So why is a $289 video card, the A750 hanging out in between $2k+ workstation cards
Intels first real foray into dgpu territory and they stand up and surpass 90% of the hardware from a company that’s been at this for longer than I can remember? It’s not raytracing right now.

I am going to get my hand smacked but performance parity was sold as a “Team green being greedy with the CUDA” narrative for a very long time. It was the greenie meanies that made life miserable, that doesn’t really hold any water beyond the fact that development wise there is disparity, I will give the strawberry lads that.

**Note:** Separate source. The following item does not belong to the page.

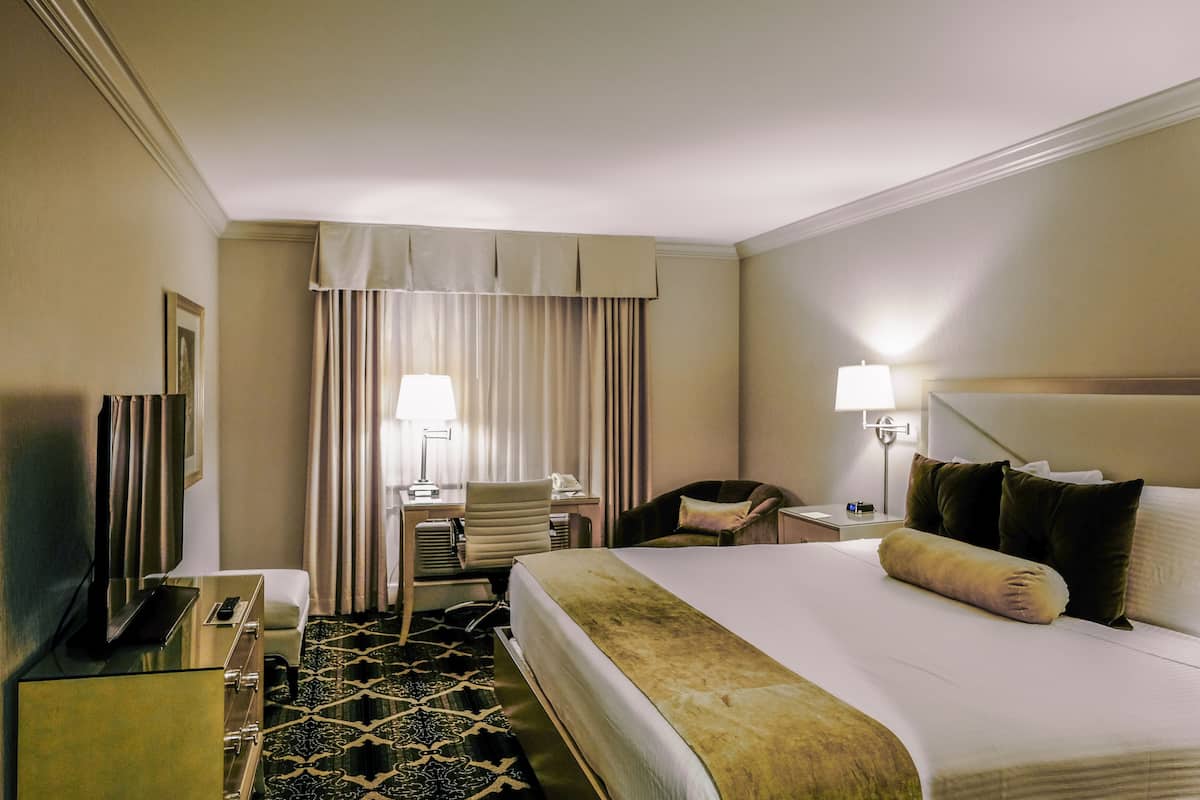 Quarto de hotel com uma cama grande, uma escrivaninha com cadeira, televisão e luminária.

Look, I am trying to be supportive because nobody wants one dominant flavour in the mix, things will become stagnate in a hurry. HIP Cycles existing is why the older dorks like myself can’t use raytracing and why the newer cards can’t either. OpenCL raytracing works just fine in Luxcore, not that I blame Cycles devs for throwing it in the trash but 3.0 is allegedly retconning the 2nd act of the film, Prorender looks great these days and throws down with ML and raytracing, With Cycles? Nobody gets any pie because of HIP. It shoulda been left in the waffle iron a little longer.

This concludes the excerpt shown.